A lot going on the past few days, so I’m coming in a little late, but here’s September in books, movies, and more.
Pixar Animation is one of my favorite movie making studios. Not every flick is my cup of tea, but they seem to approach each project with a sense of innovation and heart. How they manage to consistently maintain that level of creativity in an industry that tends to churn our generic blockbusters on a regular basis is presented Creativity, Inc. Written by by Ed Catmull (one of the founders of Pixar) with Amy Wallace, the book is simultaneously a history of the computer animation industry, a memoir of Pixar with all its ongoing success and challenges, and a guide for approaching the management of creative teams.

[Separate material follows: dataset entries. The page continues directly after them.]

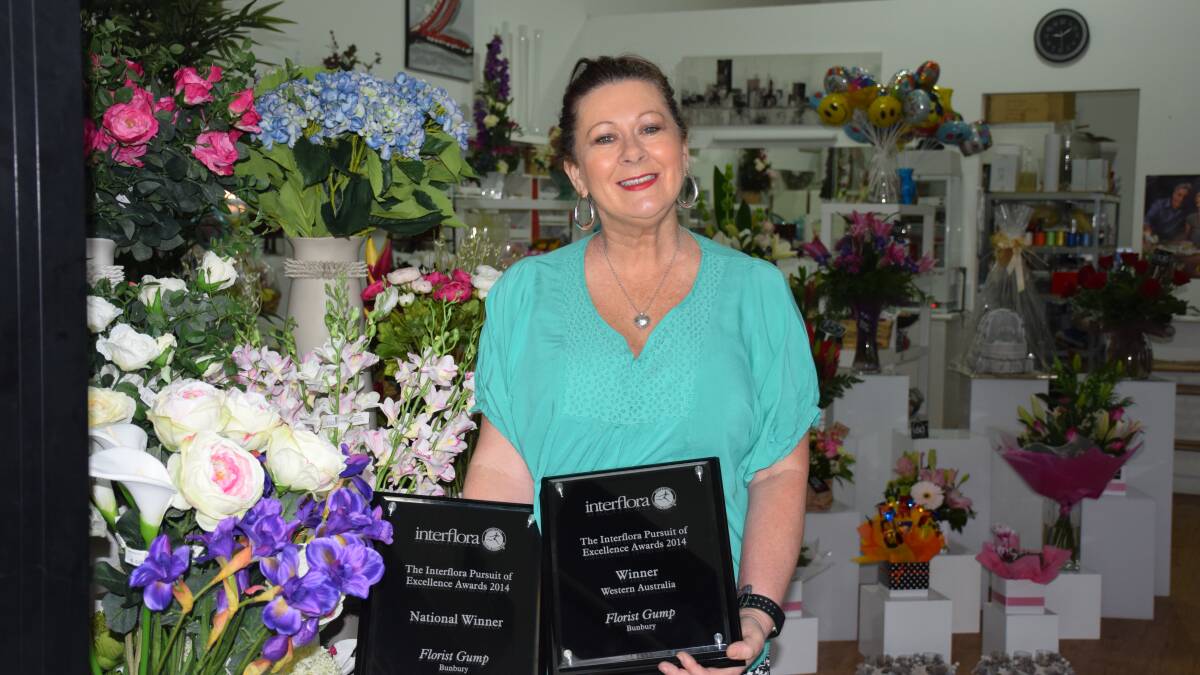 Bunbury’s Florist Gump owner Jenny Scott proudly showing off both the state and national awards after the business claimed victory at the Interflora Pursuit of Excellence awards night in Melbourne.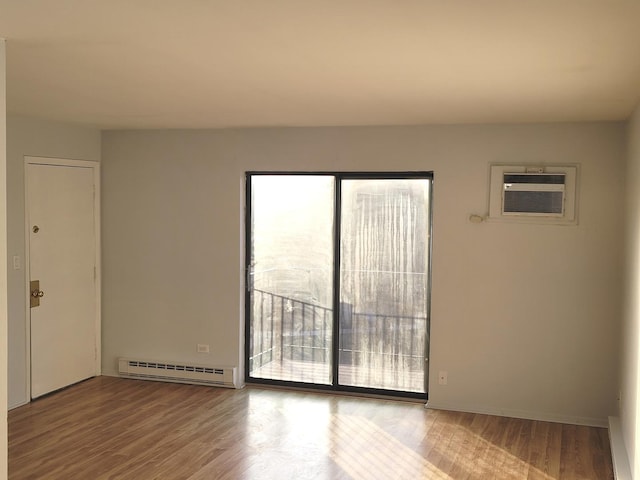 unfurnished room with a wall unit AC, a baseboard heating unit, a healthy amount of sunlight, and hardwood / wood-style flooring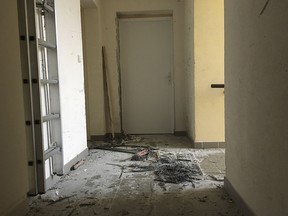 Wreckage of an entrance of an apartment building after a raid of a French anti-terrorist police unit in Clapiers, southern France, Friday, D-Feb. 10, 2017.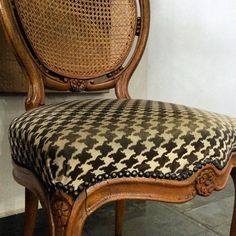 an ornate wooden chair with black and white patterned upholstered seat cover on it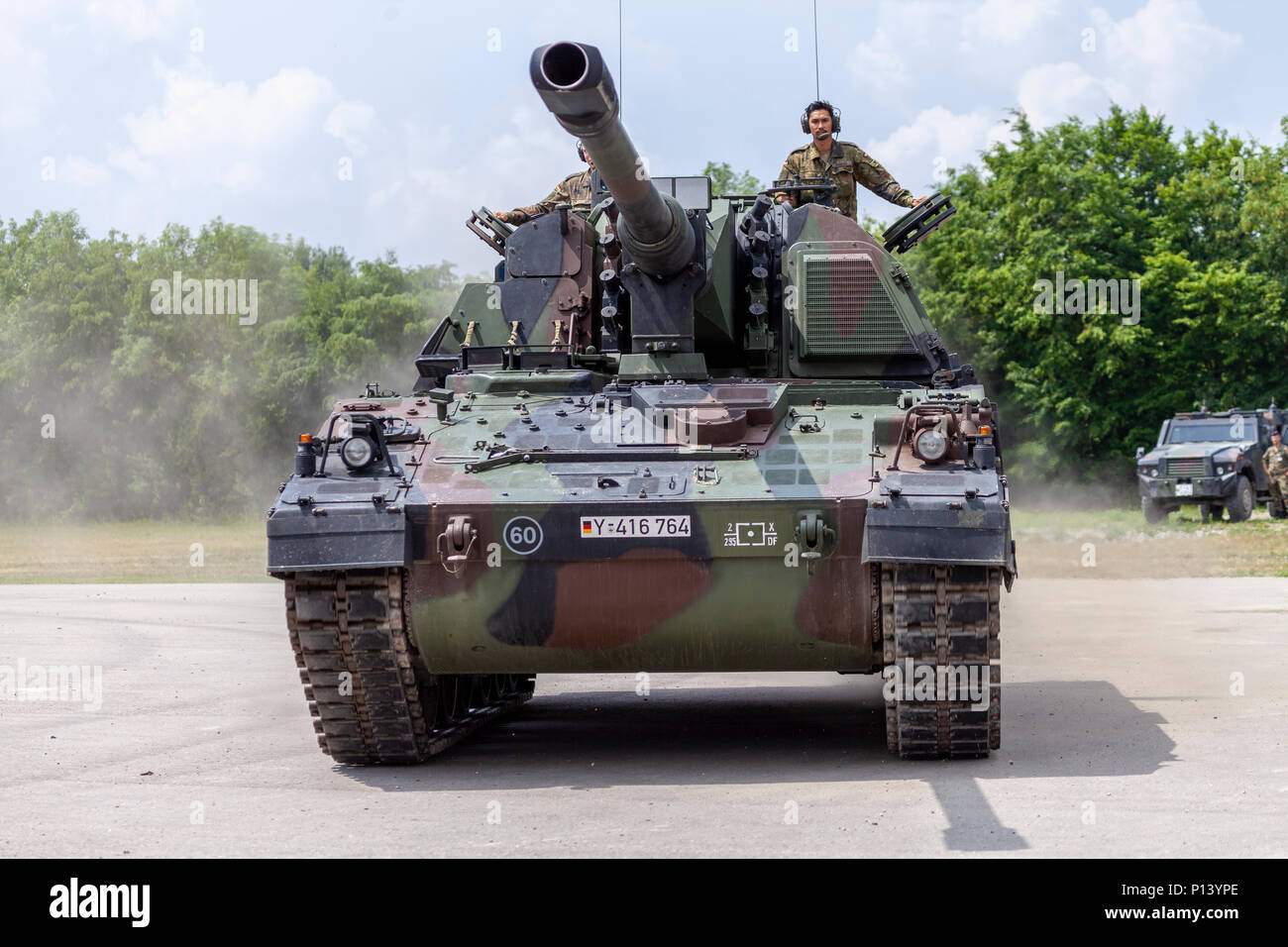 FELDKIRCHEN / GERMANY - JUNE 9, 2018: German Panzerhaubitze 2000, artillery tank drives on a road on Day of the Bundeswehr in Feldkirchen / Germany. Stock Photo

One of the main ideas behind his management philosophy is that it’s impossible for one person to know everything, and that, in fact, it is certain that there are things unknown that are influencing the flow of creativity. He writes,
“I believe the best managers acknowledge and make room for what they do not know—not just because humility is a virtue but because until one adopts that mindset, the most striking breakthroughs cannot occur. I believe that managers must loosen the controls, not tighten them. They must accept risk; they must trust the people they work with and strive to clear the path for them; and always, they must pay attention to and engage with anything that creates fear. Moreover, successful leaders embrace the reality that their models may be wrong or incomplete. Only when we admit what we don’t know can we ever hope to learn it.”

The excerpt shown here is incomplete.